* WORK ORDER:
Stop after the line that contains "405 1000 BOWRON COURT, North Vancouver"; until then, restate each line of the entries word for word from the very first.

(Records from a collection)

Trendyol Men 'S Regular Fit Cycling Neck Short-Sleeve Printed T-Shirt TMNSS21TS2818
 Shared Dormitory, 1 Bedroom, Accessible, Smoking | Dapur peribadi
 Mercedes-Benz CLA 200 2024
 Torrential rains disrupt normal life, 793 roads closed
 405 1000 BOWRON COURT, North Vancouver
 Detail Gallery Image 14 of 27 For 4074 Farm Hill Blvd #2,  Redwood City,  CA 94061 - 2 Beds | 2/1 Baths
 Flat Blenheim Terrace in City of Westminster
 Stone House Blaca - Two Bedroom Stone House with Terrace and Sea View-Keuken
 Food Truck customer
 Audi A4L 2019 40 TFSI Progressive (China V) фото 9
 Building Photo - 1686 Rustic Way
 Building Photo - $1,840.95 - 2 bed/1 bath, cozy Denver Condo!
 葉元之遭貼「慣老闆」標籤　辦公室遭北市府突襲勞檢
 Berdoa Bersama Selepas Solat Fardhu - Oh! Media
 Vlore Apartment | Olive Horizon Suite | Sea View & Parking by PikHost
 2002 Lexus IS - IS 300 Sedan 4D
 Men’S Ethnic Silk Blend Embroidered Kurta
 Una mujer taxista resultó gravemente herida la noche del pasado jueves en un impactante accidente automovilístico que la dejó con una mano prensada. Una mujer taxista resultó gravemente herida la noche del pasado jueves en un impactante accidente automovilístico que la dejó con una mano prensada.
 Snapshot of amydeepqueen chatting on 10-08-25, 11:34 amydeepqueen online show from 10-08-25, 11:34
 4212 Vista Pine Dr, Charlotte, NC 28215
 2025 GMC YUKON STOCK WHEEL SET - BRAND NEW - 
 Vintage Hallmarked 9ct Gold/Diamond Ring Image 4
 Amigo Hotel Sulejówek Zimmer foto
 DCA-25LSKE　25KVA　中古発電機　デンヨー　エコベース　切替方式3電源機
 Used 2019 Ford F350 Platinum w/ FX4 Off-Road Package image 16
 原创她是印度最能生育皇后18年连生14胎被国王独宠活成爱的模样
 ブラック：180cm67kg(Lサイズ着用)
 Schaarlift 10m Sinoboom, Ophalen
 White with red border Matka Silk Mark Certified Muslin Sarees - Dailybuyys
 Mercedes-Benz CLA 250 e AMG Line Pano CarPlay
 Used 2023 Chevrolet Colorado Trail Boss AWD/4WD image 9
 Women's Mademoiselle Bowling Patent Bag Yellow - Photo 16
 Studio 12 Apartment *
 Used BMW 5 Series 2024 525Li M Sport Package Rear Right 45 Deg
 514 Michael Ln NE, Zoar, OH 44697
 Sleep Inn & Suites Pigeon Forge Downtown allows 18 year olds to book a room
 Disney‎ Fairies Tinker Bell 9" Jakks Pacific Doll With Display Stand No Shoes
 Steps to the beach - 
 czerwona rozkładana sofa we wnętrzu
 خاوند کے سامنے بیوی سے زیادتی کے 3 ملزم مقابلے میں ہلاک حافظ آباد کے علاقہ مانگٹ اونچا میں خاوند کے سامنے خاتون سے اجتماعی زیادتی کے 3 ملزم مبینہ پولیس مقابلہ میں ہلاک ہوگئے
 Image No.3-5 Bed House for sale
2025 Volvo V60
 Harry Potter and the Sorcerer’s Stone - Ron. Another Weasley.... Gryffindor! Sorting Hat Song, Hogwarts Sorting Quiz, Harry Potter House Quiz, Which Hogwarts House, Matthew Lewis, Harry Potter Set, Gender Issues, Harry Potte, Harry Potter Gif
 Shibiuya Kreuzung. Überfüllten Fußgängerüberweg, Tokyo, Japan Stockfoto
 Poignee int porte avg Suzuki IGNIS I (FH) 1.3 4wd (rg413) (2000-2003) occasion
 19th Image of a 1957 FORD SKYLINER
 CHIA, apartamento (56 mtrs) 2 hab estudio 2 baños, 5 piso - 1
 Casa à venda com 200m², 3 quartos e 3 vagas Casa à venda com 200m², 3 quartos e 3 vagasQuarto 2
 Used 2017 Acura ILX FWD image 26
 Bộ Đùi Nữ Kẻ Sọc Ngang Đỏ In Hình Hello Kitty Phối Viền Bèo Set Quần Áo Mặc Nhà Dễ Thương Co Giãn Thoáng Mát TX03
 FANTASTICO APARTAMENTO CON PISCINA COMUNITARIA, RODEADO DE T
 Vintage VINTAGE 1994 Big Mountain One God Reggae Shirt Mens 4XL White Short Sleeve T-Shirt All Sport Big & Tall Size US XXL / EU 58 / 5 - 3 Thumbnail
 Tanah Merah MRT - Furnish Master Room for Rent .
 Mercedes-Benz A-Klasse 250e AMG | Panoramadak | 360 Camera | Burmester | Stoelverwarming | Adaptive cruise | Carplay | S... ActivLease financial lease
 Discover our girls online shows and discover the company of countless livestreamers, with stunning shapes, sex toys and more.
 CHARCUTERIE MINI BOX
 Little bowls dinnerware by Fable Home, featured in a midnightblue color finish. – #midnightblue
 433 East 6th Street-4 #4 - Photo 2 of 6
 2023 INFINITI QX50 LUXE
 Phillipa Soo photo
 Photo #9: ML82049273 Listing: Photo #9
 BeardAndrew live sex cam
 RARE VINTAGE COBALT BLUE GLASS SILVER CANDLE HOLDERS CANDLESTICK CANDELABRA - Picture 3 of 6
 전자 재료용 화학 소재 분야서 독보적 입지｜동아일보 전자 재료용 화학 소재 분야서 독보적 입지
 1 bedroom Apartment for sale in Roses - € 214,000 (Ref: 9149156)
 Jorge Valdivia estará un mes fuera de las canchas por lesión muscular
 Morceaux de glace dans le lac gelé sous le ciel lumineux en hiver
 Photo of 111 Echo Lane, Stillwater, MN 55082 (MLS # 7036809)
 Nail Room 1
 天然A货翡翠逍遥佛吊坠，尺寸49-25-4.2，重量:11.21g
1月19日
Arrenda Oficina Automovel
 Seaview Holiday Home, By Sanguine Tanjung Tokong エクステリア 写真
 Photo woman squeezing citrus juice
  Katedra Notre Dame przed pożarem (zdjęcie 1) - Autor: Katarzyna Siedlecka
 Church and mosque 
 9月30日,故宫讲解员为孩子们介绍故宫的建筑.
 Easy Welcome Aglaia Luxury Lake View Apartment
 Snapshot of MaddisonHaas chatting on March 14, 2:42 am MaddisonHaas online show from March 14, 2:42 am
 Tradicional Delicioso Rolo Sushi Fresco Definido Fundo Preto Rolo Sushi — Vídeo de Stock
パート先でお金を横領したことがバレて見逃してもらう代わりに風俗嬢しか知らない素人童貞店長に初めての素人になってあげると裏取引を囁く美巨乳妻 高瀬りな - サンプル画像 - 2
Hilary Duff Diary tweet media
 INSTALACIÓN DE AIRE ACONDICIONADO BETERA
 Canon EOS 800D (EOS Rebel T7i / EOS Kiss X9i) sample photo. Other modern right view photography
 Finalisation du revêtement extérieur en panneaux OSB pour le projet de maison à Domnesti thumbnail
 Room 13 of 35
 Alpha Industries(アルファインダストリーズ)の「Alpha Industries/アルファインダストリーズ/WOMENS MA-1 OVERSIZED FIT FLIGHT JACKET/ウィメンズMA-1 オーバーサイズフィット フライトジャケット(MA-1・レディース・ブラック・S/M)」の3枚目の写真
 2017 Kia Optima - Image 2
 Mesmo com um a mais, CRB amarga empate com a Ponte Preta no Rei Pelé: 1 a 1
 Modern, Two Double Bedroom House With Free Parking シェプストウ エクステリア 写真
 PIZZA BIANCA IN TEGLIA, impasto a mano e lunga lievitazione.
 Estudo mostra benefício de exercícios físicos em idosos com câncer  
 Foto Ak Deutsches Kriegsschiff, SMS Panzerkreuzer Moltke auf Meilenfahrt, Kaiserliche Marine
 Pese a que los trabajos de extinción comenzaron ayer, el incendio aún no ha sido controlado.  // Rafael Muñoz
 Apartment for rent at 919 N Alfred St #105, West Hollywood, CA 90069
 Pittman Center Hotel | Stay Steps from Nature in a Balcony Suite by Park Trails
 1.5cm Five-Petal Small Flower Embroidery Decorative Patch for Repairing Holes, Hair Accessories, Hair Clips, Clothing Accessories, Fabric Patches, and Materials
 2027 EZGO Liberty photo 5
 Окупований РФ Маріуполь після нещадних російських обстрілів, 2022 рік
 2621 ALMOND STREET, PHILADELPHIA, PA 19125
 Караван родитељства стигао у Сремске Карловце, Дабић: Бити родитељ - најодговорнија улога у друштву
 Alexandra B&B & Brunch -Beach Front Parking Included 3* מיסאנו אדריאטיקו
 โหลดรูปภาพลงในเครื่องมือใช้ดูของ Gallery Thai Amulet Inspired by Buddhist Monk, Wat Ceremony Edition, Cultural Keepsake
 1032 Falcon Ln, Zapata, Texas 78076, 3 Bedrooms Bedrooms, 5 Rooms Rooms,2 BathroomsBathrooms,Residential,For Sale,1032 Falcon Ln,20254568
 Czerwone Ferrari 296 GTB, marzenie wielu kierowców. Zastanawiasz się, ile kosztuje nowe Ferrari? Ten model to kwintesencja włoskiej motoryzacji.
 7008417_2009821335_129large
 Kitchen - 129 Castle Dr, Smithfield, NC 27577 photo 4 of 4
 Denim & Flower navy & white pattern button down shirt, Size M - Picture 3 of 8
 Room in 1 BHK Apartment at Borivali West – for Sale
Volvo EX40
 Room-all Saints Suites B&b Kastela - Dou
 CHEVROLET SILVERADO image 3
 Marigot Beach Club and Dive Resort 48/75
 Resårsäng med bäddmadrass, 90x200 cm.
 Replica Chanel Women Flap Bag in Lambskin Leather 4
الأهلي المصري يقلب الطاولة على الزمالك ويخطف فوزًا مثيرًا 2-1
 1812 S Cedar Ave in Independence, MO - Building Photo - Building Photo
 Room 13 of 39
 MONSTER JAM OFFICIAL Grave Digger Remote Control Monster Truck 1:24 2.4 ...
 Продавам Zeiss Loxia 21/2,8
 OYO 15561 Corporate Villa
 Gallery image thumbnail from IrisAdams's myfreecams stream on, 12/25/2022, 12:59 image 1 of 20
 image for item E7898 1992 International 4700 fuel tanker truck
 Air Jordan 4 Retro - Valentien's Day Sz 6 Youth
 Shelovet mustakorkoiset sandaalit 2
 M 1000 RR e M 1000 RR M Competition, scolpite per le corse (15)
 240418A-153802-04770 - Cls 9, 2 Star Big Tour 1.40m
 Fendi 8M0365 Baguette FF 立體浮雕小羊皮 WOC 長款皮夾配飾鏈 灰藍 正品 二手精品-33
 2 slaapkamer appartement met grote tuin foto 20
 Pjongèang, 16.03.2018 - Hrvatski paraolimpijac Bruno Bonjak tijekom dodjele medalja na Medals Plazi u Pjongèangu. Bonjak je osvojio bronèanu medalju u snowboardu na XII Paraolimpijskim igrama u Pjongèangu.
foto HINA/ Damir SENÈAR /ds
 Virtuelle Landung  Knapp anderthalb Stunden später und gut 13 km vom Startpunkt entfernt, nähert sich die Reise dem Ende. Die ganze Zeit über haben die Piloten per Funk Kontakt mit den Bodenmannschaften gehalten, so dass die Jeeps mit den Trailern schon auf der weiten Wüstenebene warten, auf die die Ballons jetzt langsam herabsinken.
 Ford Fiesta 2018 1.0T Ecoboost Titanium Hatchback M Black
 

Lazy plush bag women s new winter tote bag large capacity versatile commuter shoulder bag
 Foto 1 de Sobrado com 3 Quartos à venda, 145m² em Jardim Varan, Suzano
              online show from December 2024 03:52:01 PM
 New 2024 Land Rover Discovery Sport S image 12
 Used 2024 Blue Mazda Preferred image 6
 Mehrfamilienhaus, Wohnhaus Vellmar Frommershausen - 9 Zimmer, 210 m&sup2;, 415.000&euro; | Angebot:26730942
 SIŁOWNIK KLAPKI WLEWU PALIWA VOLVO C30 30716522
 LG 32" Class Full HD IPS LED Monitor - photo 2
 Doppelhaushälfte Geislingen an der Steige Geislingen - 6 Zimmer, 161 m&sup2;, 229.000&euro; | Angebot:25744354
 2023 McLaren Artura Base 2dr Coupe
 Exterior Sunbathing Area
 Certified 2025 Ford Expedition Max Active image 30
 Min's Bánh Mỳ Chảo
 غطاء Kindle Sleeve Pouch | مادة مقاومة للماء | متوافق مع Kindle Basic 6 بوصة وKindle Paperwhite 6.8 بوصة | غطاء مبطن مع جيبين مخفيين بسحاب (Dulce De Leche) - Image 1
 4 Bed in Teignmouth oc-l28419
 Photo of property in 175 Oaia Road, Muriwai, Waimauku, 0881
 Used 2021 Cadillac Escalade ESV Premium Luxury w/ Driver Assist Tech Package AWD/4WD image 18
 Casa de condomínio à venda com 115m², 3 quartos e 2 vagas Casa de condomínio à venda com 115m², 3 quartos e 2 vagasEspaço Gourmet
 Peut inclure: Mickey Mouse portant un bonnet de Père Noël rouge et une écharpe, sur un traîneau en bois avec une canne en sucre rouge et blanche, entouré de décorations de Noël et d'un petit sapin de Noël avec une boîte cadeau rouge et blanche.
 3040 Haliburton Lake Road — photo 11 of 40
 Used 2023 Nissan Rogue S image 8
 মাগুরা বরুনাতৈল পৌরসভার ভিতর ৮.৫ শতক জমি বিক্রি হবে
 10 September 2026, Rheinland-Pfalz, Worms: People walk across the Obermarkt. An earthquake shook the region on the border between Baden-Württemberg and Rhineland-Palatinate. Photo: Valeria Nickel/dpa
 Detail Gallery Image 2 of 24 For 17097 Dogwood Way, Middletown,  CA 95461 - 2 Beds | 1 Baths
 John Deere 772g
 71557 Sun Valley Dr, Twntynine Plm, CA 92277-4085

* RESPONSE TO THE TASK:
Trendyol Men 'S Regular Fit Cycling Neck Short-Sleeve Printed T-Shirt TMNSS21TS2818
 Shared Dormitory, 1 Bedroom, Accessible, Smoking | Dapur peribadi
 Mercedes-Benz CLA 200 2024
 Torrential rains disrupt normal life, 793 roads closed
 405 1000 BOWRON COURT, North Vancouver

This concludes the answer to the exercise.